Exercise – Report each line from the entries in which "Beer" can be found.

Recorded data:
========

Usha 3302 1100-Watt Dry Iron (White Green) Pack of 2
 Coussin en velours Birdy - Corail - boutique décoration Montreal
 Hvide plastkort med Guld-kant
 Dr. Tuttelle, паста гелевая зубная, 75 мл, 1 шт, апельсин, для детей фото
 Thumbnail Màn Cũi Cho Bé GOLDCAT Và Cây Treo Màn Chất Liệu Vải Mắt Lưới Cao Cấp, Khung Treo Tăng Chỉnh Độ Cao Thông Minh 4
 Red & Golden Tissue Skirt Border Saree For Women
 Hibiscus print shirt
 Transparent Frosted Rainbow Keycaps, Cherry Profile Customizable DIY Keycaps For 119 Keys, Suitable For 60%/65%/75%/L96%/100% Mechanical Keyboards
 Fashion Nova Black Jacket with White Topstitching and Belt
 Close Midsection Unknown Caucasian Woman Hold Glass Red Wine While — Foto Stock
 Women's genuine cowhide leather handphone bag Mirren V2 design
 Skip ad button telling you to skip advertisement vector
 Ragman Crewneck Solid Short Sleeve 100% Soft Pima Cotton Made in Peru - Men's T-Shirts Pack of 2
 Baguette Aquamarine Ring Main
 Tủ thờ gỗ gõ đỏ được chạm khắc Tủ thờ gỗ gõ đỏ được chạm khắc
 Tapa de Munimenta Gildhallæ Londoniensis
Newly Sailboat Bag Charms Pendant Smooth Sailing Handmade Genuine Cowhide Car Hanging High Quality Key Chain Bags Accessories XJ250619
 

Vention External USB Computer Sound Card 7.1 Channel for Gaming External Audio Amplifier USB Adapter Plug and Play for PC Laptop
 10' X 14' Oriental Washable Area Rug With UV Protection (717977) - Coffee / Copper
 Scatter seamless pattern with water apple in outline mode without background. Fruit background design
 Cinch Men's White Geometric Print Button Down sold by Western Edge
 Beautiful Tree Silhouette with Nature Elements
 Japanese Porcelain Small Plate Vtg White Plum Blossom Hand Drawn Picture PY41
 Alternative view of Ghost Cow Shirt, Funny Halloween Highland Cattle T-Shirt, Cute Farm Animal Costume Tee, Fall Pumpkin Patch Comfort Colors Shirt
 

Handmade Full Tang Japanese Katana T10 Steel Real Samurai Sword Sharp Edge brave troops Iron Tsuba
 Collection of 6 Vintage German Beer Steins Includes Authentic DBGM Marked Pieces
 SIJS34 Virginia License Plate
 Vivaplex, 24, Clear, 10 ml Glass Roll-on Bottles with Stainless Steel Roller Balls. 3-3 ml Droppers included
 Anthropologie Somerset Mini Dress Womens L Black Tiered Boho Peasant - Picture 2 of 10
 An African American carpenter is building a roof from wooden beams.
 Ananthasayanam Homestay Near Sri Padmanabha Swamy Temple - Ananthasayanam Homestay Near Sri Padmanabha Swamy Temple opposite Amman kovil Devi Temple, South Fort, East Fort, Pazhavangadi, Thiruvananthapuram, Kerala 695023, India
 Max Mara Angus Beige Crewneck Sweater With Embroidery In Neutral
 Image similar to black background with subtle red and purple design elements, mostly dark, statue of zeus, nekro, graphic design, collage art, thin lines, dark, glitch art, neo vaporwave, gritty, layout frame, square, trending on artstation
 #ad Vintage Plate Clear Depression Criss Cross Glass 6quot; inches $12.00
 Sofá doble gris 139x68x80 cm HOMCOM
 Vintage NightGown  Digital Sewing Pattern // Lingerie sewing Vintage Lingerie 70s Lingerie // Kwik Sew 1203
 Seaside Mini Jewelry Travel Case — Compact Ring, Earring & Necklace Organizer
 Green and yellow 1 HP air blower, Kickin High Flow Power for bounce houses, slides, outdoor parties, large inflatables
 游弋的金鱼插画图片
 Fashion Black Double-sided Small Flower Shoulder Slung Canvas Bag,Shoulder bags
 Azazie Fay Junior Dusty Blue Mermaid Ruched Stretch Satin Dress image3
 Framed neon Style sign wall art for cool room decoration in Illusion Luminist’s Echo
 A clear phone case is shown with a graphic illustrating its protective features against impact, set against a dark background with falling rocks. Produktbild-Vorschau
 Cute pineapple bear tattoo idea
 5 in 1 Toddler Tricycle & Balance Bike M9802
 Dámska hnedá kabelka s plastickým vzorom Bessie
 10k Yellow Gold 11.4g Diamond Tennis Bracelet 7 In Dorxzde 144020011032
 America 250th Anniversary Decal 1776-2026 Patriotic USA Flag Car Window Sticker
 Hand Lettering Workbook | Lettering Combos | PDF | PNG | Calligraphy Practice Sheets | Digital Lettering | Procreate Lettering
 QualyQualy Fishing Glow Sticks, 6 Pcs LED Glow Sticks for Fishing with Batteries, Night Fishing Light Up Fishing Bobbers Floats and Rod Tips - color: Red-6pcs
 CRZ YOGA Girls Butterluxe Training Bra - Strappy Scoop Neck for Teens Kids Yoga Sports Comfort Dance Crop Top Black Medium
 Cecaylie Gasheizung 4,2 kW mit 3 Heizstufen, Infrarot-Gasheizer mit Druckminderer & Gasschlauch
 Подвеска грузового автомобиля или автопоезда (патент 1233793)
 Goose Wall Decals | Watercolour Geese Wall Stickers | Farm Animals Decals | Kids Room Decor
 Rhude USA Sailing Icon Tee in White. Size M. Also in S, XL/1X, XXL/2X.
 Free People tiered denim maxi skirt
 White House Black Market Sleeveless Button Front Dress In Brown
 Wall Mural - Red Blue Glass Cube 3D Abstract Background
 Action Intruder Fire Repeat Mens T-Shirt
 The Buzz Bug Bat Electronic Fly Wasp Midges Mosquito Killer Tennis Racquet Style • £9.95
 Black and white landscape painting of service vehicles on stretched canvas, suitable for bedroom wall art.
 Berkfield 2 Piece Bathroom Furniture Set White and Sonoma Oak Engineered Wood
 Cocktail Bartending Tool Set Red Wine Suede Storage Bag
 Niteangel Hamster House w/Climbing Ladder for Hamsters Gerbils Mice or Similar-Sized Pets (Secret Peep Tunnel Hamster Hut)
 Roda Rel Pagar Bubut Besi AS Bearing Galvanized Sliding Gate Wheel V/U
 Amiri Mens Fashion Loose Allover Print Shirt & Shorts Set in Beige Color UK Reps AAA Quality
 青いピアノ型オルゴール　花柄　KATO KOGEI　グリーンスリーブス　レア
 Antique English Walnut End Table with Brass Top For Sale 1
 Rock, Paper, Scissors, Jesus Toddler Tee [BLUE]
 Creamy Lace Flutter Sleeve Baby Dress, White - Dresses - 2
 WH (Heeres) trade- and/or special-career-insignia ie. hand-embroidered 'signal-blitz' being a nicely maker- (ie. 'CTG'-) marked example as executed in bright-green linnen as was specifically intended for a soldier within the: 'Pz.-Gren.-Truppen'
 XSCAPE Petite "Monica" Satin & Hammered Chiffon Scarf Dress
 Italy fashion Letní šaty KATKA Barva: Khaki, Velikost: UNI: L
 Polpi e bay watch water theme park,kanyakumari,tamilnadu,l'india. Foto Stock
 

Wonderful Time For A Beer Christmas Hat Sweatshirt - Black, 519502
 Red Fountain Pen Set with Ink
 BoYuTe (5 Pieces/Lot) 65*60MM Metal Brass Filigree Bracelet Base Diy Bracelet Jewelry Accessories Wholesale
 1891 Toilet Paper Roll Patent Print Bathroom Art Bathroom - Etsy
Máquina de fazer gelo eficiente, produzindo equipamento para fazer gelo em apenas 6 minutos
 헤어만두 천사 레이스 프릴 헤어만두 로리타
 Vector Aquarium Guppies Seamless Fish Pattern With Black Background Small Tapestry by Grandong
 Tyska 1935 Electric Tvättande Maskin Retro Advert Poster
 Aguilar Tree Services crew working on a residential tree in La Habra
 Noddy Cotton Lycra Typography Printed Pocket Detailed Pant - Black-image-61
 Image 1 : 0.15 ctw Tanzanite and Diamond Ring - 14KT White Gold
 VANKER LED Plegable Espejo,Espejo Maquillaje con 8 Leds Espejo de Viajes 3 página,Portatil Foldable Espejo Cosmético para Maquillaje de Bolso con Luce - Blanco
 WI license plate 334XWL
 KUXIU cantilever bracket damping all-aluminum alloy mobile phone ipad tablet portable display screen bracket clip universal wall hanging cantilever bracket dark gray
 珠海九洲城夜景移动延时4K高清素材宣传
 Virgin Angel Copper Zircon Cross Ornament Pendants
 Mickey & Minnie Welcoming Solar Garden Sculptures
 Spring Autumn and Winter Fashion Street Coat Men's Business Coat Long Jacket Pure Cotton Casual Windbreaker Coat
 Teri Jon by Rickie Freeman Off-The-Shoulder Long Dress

========

Completed exercise –
 Collection of 6 Vintage German Beer Steins Includes Authentic DBGM Marked Pieces
Wonderful Time For A Beer Christmas Hat Sweatshirt - Black, 519502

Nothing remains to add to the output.